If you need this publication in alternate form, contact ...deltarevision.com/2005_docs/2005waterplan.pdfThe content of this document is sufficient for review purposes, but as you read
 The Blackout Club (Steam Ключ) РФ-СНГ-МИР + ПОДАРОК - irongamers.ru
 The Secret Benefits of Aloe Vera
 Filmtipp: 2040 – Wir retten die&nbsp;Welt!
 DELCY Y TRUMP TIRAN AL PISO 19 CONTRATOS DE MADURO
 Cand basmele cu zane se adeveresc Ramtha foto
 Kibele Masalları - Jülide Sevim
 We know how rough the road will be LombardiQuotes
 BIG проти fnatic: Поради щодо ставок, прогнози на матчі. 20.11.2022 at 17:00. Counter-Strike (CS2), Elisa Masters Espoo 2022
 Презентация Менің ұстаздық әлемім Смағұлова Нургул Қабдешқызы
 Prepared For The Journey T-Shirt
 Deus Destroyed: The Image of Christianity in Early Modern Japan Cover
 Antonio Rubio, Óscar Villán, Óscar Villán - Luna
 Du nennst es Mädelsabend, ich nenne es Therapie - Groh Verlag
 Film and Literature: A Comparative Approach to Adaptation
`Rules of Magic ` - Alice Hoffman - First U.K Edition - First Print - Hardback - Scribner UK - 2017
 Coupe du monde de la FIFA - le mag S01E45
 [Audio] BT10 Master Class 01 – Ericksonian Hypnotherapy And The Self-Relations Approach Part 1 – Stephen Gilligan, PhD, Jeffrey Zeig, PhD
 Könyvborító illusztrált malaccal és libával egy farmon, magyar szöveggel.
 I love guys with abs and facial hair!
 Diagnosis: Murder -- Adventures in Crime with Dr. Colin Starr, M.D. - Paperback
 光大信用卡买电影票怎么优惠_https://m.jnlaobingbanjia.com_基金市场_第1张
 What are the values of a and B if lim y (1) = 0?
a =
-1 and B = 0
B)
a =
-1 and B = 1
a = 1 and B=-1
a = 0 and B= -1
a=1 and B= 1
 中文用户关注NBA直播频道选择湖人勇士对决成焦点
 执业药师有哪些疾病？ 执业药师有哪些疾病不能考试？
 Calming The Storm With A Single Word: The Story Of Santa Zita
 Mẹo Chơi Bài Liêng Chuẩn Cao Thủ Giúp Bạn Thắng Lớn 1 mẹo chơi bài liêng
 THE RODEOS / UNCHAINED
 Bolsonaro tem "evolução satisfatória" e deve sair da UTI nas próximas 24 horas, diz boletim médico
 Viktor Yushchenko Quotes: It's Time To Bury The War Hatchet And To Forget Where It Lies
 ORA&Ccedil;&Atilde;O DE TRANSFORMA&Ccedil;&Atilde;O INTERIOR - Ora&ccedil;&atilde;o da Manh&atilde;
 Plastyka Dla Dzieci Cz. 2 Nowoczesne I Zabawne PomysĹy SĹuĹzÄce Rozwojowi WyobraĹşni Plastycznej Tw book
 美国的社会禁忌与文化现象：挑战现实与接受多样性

☆ ☆ ☆ ☆ ☆

## [WHAT THE EXERCISE ASKS]
What's wanted here is every record, retyped exactly as shown above.

## [YOUR SOLUTION]
If you need this publication in alternate form, contact ...deltarevision.com/2005_docs/2005waterplan.pdfThe content of this document is sufficient for review purposes, but as you read
 The Blackout Club (Steam Ключ) РФ-СНГ-МИР + ПОДАРОК - irongamers.ru
 The Secret Benefits of Aloe Vera
 Filmtipp: 2040 – Wir retten die&nbsp;Welt!
 DELCY Y TRUMP TIRAN AL PISO 19 CONTRATOS DE MADURO
 Cand basmele cu zane se adeveresc Ramtha foto
 Kibele Masalları - Jülide Sevim
 We know how rough the road will be LombardiQuotes
 BIG проти fnatic: Поради щодо ставок, прогнози на матчі. 20.11.2022 at 17:00. Counter-Strike (CS2), Elisa Masters Espoo 2022
 Презентация Менің ұстаздық әлемім Смағұлова Нургул Қабдешқызы
 Prepared For The Journey T-Shirt
 Deus Destroyed: The Image of Christianity in Early Modern Japan Cover
 Antonio Rubio, Óscar Villán, Óscar Villán - Luna
 Du nennst es Mädelsabend, ich nenne es Therapie - Groh Verlag
 Film and Literature: A Comparative Approach to Adaptation
`Rules of Magic ` - Alice Hoffman - First U.K Edition - First Print - Hardback - Scribner UK - 2017
 Coupe du monde de la FIFA - le mag S01E45
 [Audio] BT10 Master Class 01 – Ericksonian Hypnotherapy And The Self-Relations Approach Part 1 – Stephen Gilligan, PhD, Jeffrey Zeig, PhD
 Könyvborító illusztrált malaccal és libával egy farmon, magyar szöveggel.
 I love guys with abs and facial hair!
 Diagnosis: Murder -- Adventures in Crime with Dr. Colin Starr, M.D. - Paperback
 光大信用卡买电影票怎么优惠_https://m.jnlaobingbanjia.com_基金市场_第1张
 What are the values of a and B if lim y (1) = 0?
a =
-1 and B = 0
B)
a =
-1 and B = 1
a = 1 and B=-1
a = 0 and B= -1
a=1 and B= 1
 中文用户关注NBA直播频道选择湖人勇士对决成焦点
 执业药师有哪些疾病？ 执业药师有哪些疾病不能考试？
 Calming The Storm With A Single Word: The Story Of Santa Zita
 Mẹo Chơi Bài Liêng Chuẩn Cao Thủ Giúp Bạn Thắng Lớn 1 mẹo chơi bài liêng
 THE RODEOS / UNCHAINED
 Bolsonaro tem "evolução satisfatória" e deve sair da UTI nas próximas 24 horas, diz boletim médico
 Viktor Yushchenko Quotes: It's Time To Bury The War Hatchet And To Forget Where It Lies
 ORA&Ccedil;&Atilde;O DE TRANSFORMA&Ccedil;&Atilde;O INTERIOR - Ora&ccedil;&atilde;o da Manh&atilde;
 Plastyka Dla Dzieci Cz. 2 Nowoczesne I Zabawne PomysĹy SĹuĹzÄce Rozwojowi WyobraĹşni Plastycznej Tw book
 美国的社会禁忌与文化现象：挑战现实与接受多样性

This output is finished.